A process  $p_i$  covers register r in configuration C if p is about to write to r (according to its state in C).

When a set of processes P covers a set of registers R in configuration C, if it is possible to perform a *block write*: a sequence of |R| consecutive write operations, one to each register in R, each by a different process in P. A block write to R fixes the values of all the registers in R. Because the order of steps in a block write does not change the resulting configuration, the configuration denoted by CP is well defined when |P| = |R|.

It is possible to restrict access to an object to limit which processes may apply which operations to it. For registers, we consider the following types of restrictions:

A register Y is single-writer if it is owned by one process, so that, in every execution, only its owner can write to Y. It is *c*-write if, at any configuration, at most *c* processes cover (i.e. are about to write to) Y. Note that those processes may be different in different executions, or at different configurations in the same execution. When c = 1, we say that the register is *exclusive-write*. Finally, a *concurrent-write* register does not restrict the way processes write to it.

We assume all registers are *multi-reader*, so that all processes may read from all registers. Throughout the paper, we assume that each process  $p_i$  owns one single-writer register, denoted  $r_i$ .

An implementation of an object of type X using r objects  $Y_1, \ldots, Y_\ell$ , provides, for every operation OP of X, a set of n procedures  $F_1, \ldots, F_n$ , one for each process. (Typically, the procedures are the same for all processes.) To execute OP on X, process  $p_i$  calls procedure  $F_i$ , which specifies the steps of  $p_i$  and, thus, the operations on  $Y_1, \ldots, Y_\ell$ . The worst-case number of steps performed by some process  $p_i$  executing procedure  $F_i$  is the step complexity of implementing OP.

An operation  $OP_i$  precedes operation  $OP_j$  (and  $OP_j$  follows operation  $OP_i$ ) in an execution  $\alpha$ , if the call to the procedure of  $OP_j$  appears in  $\alpha$  after the return from the procedure of  $OP_i$ .

Our proofs rely on a weak liveness property, called *solo* termination, which guarantees for any process  $p_i$  and configuration C,  $p_i$  returns within a finite number of steps in a  $p_i$ -only execution from C.
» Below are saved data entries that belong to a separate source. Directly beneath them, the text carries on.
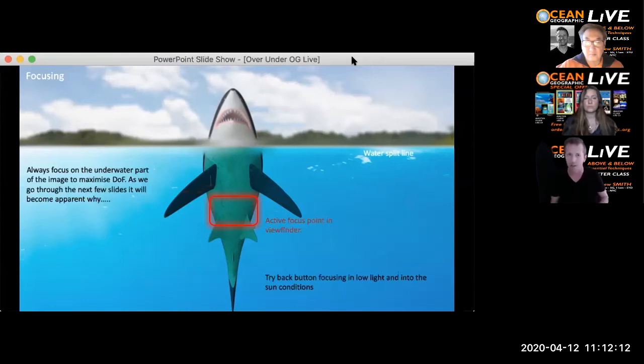Back-button focus is a good technique for low light situations when shooting into the sun. The advantage with Aquatica housings and a few others is you can actually switch between auto focus and manual focus while the camera's in the housing with a DSLR — so you can auto-focus and flip to manual and then carry on shooting.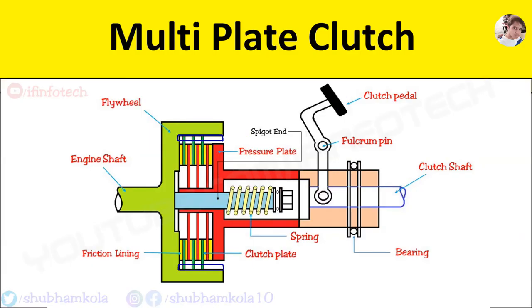Multi-plate clutch is a modification of the single plate type clutch. Due to the increase in the number of friction plates, the friction surface increases the torque transmission capacity while the size remains fixed. The size of the clutch is reduced for the same power transmission as a single plate clutch.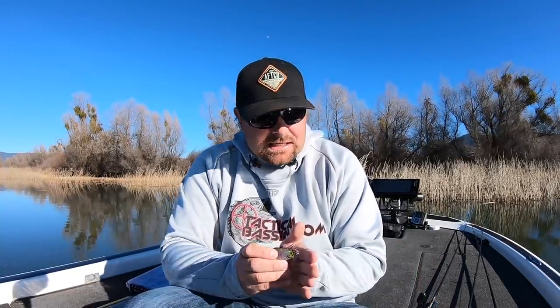Springtime guys, if you're not familiar or don't have confidence in a lipless crank, I challenge you to try it because it is phenomenal. No matter where we are in the country, springtime is a must to throw the lipless crank. You catch a lot of fish — some of my biggest fish ever, multiple double digits, have been on a lipless crank in the springtime. Try the two techniques: the hop technique and the burn technique. Let your fish tell you what they want. As always, we appreciate you. If you learned something or liked this video, please give us a thumbs up, subscribe to our channel, and click the bell to turn on notifications for videos Monday, Wednesday, Friday, and sometimes a fourth. We appreciate you guys — have a good one.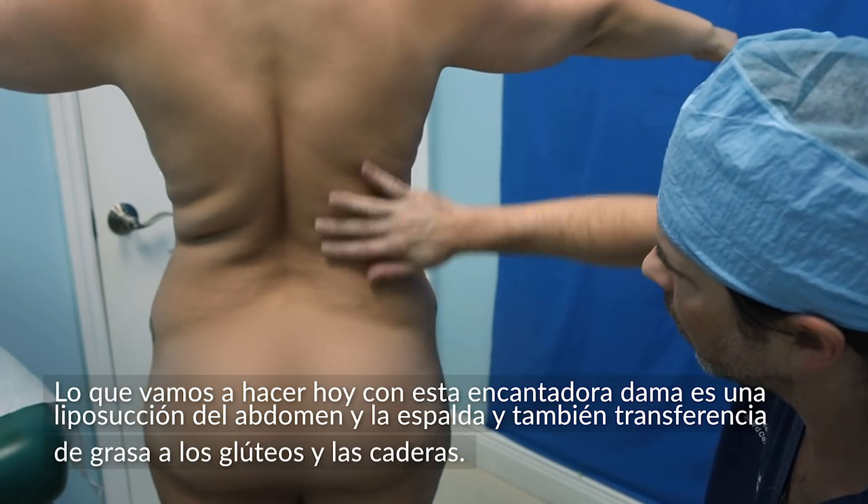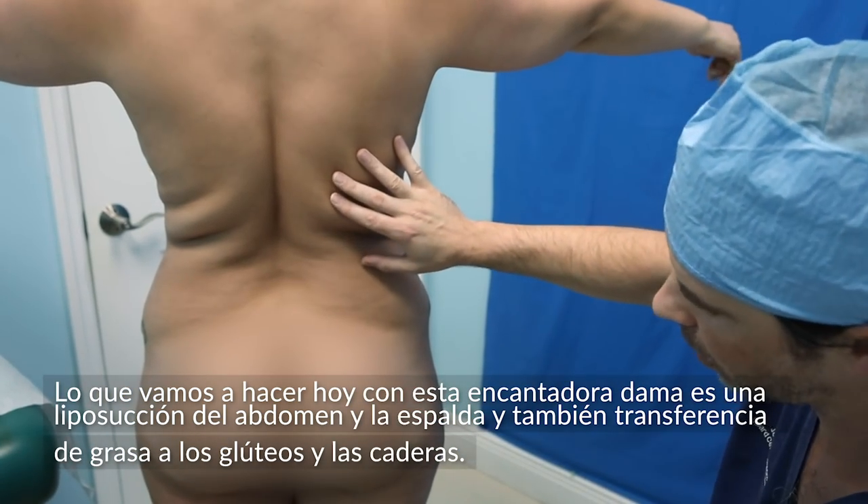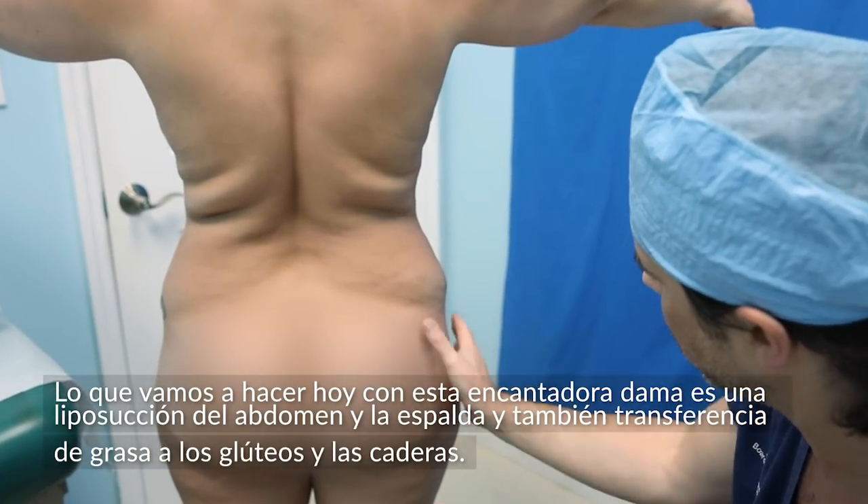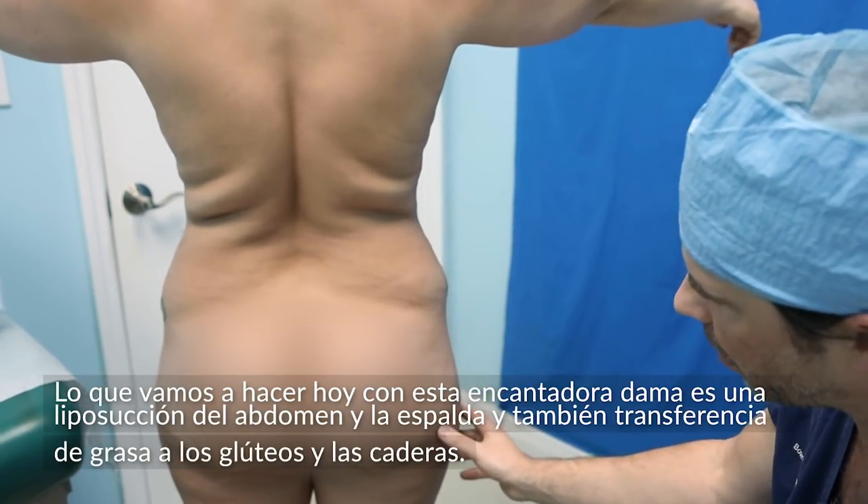What we're going to do today is a liposuction of the abdomen and the back, and we're going to do some fat transfer into the buttocks, and we're also going to do some transfer into the hip.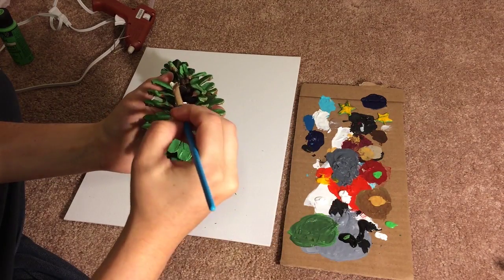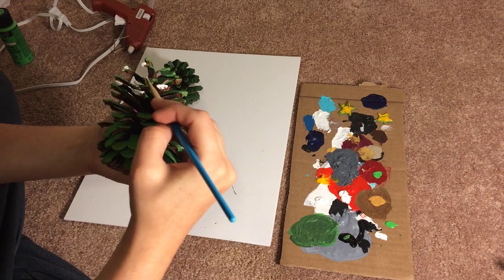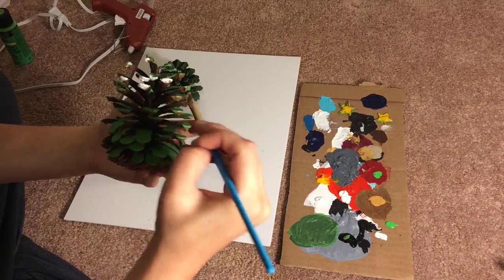This is a super easy project. Just need a couple pinecones — paint those green. You paint the edges white.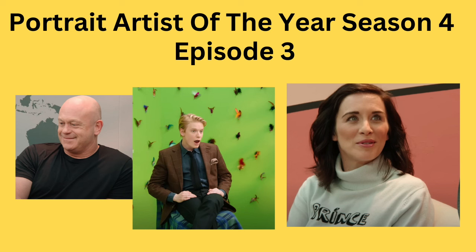Portrait Artist of the Year, Season 4, Episode 3. Fasten your seatbelts. There's some great painting and there's also some pretty weak stuff. Let's get started.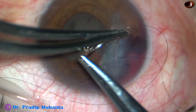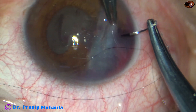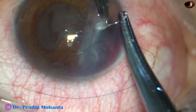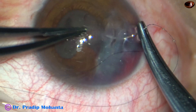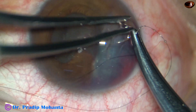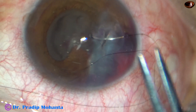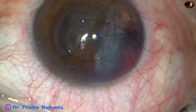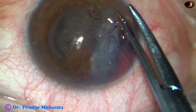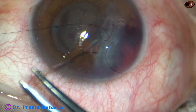So this is going to be a continuous shoelace suture. I have taken the first bite from the wound to the left leaf of the wound, and this is the second bite. The bites are being taken at a depth of about 70–90% of the thickness of the cornea. Two bites are taken such that one more bite can be accommodated in between when it comes back — this is the continuous shoelace suture.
Let  $\alpha$  be a finite execution. Process  $p_i$  is *active* at the end of  $\alpha$  if  $\alpha$  includes a call of an implementation procedure without a matching return. The set of active processes at the end of  $\alpha$  is denoted *active*( $\alpha$ ).

The point contention at the end of  $\alpha$  is  $|active(\alpha)|$ .

Suppose  $\alpha = \beta \gamma$ . The point contention during the interval  $\gamma$  is the maximum of  $|active(\beta\gamma')|$  taken over all prefixes  $\gamma'$  of  $\gamma$ . It is the maximum number of processes that are simultaneously active at some point during  $\gamma$  and is denoted by  $pointCont(\gamma)$ . The *interval contention* during  $\gamma$ ,  $intCont(\gamma)$ , is the number of different processes such that each is active at the end of  $\beta\gamma'$  for some (possibly different) prefix  $\gamma'$  of  $\gamma$ . Finally, the *total contention* during  $\gamma$ ,  $totalCont(\gamma)$ , is *intCont*( $\alpha$ ), namely, the cardinality of the set of all processes that are active before and during  $\gamma$ .

Let  $f : \mathbf{N} \to \mathbf{N}$  be an increasing function. An implementation is *f*-adaptive to total, interval, or point contention if the step complexity of each of its procedures is bounded from above by f(k), where k is the total, interval, or point contention, respectively, during the interval the procedure is



Figure 1: Illustration for Lemma 3.1

being performed (i.e., between the call and matching return of the procedure).

A collect algorithm provides two operations: A STORE(val) by process  $p_i$  sets val to be the latest value for  $p_i$ . A COL-LECT operation returns a view, a partial function V from the set of processes to a set of values, where  $V(p_i)$  is the latest value stored by  $p_i$ , for each process  $p_i$ . A COLLECT operation cop should not read from the future or miss a preceding STORE operation. Formally, the following validity properties holds for every process  $p_i$ :

- If  $V(p_i) = \bot$ , then no STORE operation by  $p_i$  precedes *cop*.
- If  $V(p_i) = v \neq \bot$ , then v is the value of a STORE operation sop of  $p_i$  that does not follow *cop*, and there is no STORE operation by  $p_i$  that follows *sop* and precedes *cop*.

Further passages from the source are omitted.